Chelsea Hart is a recent graduate of Honours in Gender Studies at the University of Melbourne, during which she wrote an extended version of this paper as her thesis. She currently tutors at The University of Melbourne in Gender Studies and Media Studies.

chelsea.hart@unimelb.edu.au

Amanda Gilbertson is Lecturer in Youth and Contemporary India at the Australia India Institute, University of Melbourne.

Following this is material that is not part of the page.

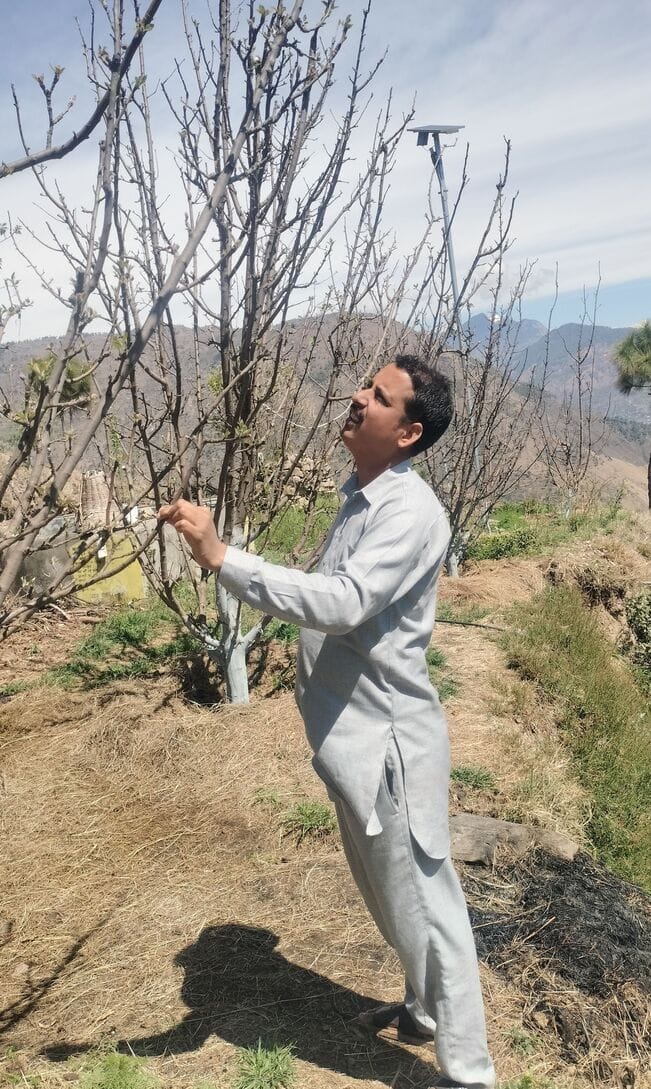 Apple trees have more leaves and fewer flowers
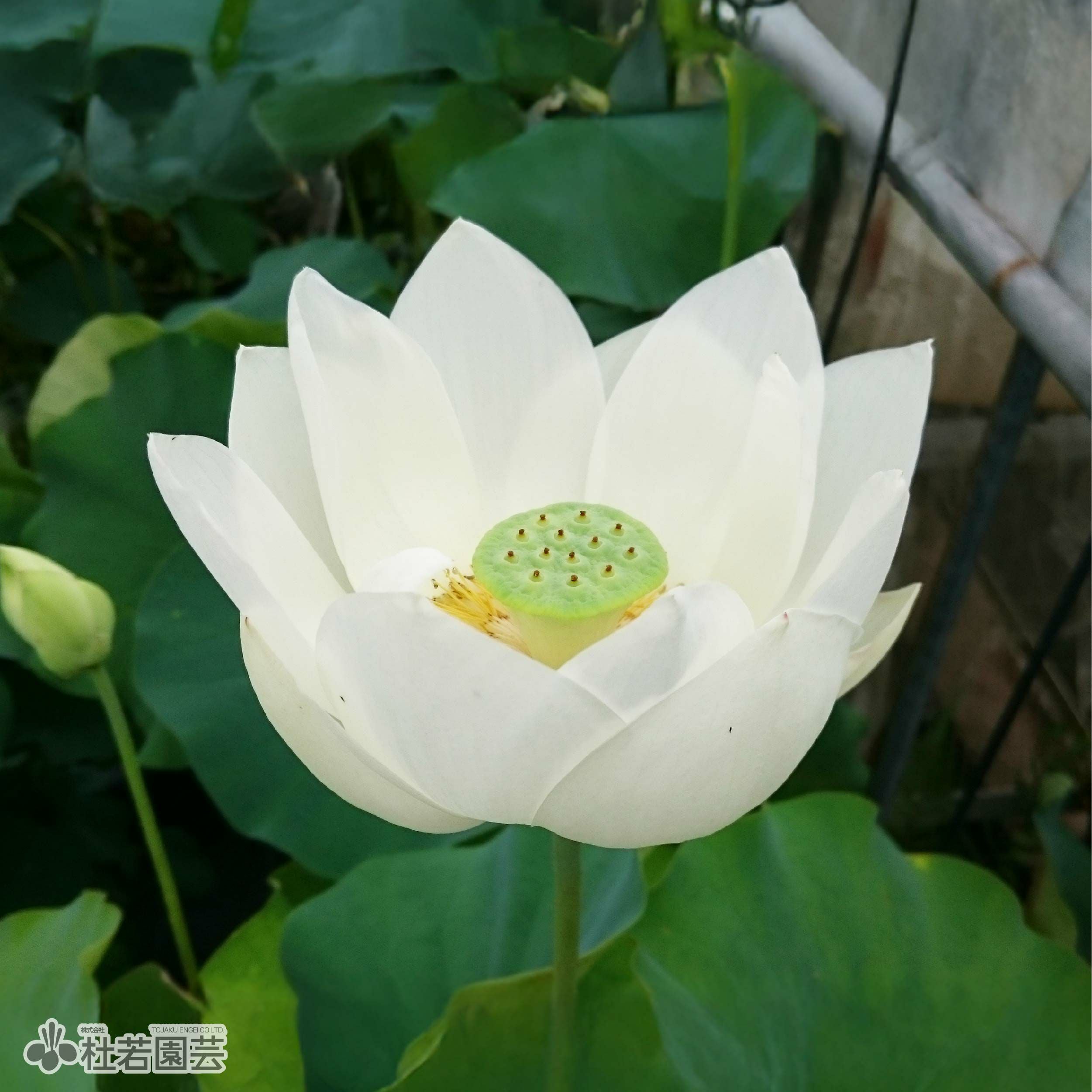 蓮、ハス】白光蓮（びゃっこうれん）【中型種】 | 杜若園芸WEBショップ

amanda.gilbertson@unimelb.edu.au

Publication details

Volume 39, November 2019

When does violence against women matter: Gender, race and class in Australian media representations of sexual violence and homicide


Abstract

This paper presents a critical discourse analysis of violence against women in Australian news and information media. We draw on Judith Butler’s concept of ‘grievability’ to question the frames through which violence against women is made to ‘matter’ in media representations. Through an intersectional feminist lens, we explore how victims, perpetrators and the violence as a whole are represented in three relatively high profile cases of sexual violence and homicide. In the case of Jill Meagher, discourses of the victim’s ideal White femininity and the perpetrator’s deviant underclass morality frame the murder as tragic. In the case of Lynette Daley, stereotypes of deviant aboriginal sexuality and abject motherhood frame the case as ‘wild sex’ gone wrong. And in the case of Jyothi Singh, Indian society as a whole is condemned for the attack, distancing male violence from White, Western morality. We argue that while gendered discourses do indeed saturate the representations of each case, racialised and classed discourses are integral to constructions of who is a ‘grievable’ and, conversely, who is a ‘killable’ victim of male violence.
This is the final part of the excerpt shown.